# Calculating the period of a harmonic function

1. Aug 20, 2011

### No0bzDown

For a example, x=16cos(10t+5π/3) ,S.I.

How am i supposed to calculate the period?(in order to do the graph)

2. Aug 20, 2011

### uart

You cos function repeats when 10t increased by $2 \pi$. See if you can work it out based on that.

3. Aug 20, 2011

### No0bzDown

If we have something like this: f(x) = cos(at)

then T= 2π/a

But i really want to know if on my first example 5π/3 is playing any role on this formula.

I mean if x=16cos(10t + 5π/3)

Is period still T = 2π/a = 2π/10 ?

4. Aug 20, 2011

### uart

Yes it is.

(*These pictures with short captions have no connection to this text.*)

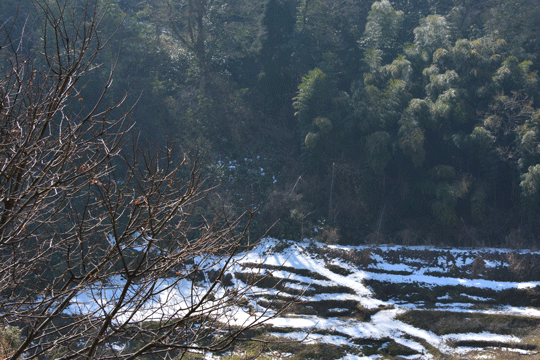 c0093046_20233237.gif
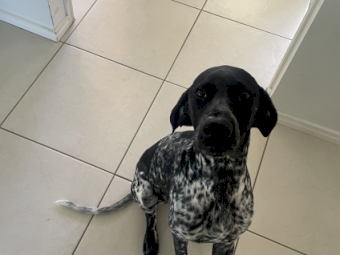 9 month old German Shorthaired Pointer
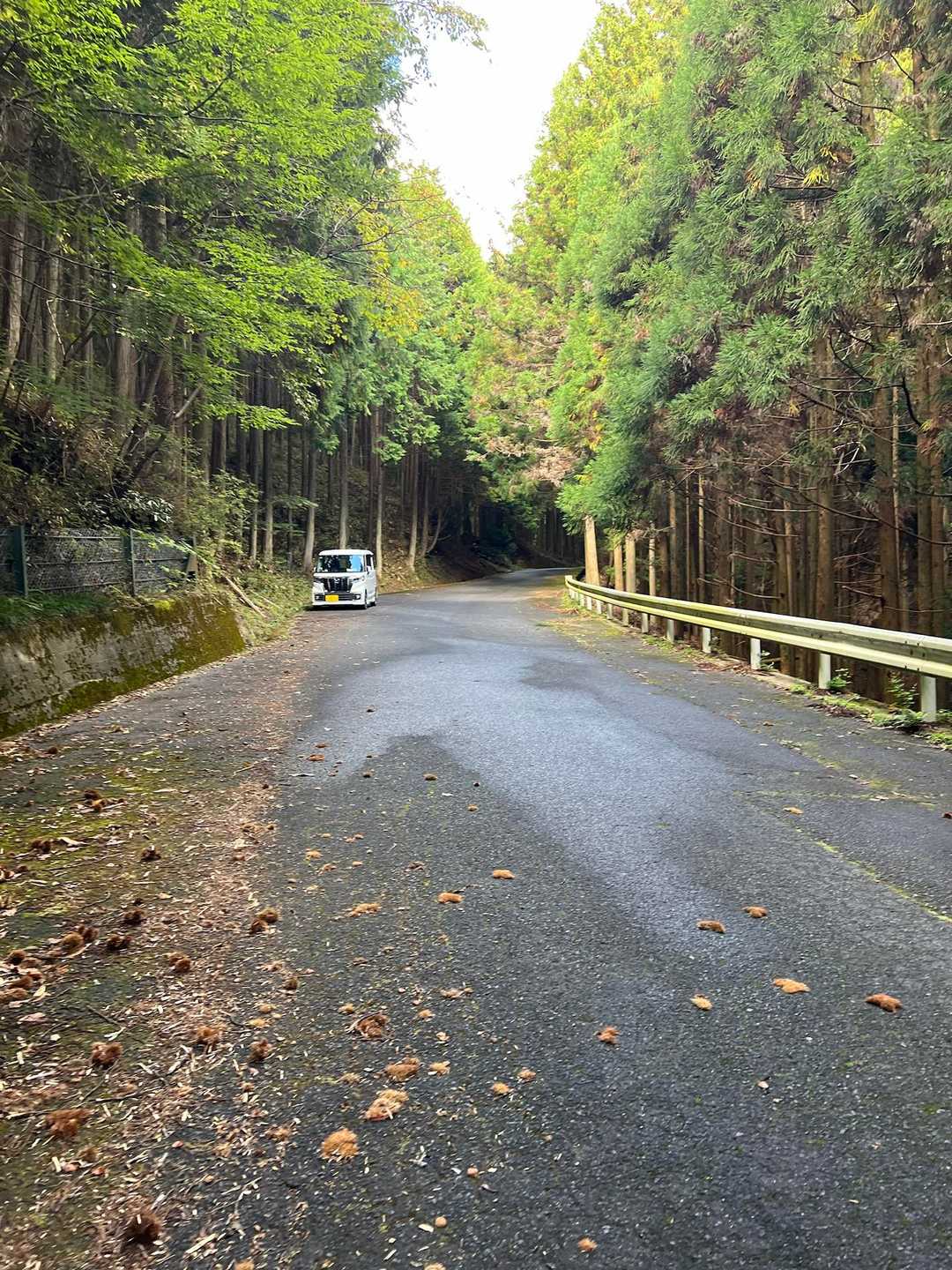 登山口近くの路肩に停めさせて頂きました
他の方は反対側に停めてはりました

The phase constant (5 Pi /3) does not change the frequency or period.

5. Aug 20, 2011

### No0bzDown

Nice. Thanks very much.

6. Sep 3, 2011

### gongo88

What if you have a harmonic function with both cos and sin?

such as: x(t)=4sin(15t)-3cos(9t+1.1)

can you find the period of this analytically? I have found this has a period of 2.1 by plotting it in MATLAB, but can't figure out how to calculate this analytically...

Last edited: Sep 3, 2011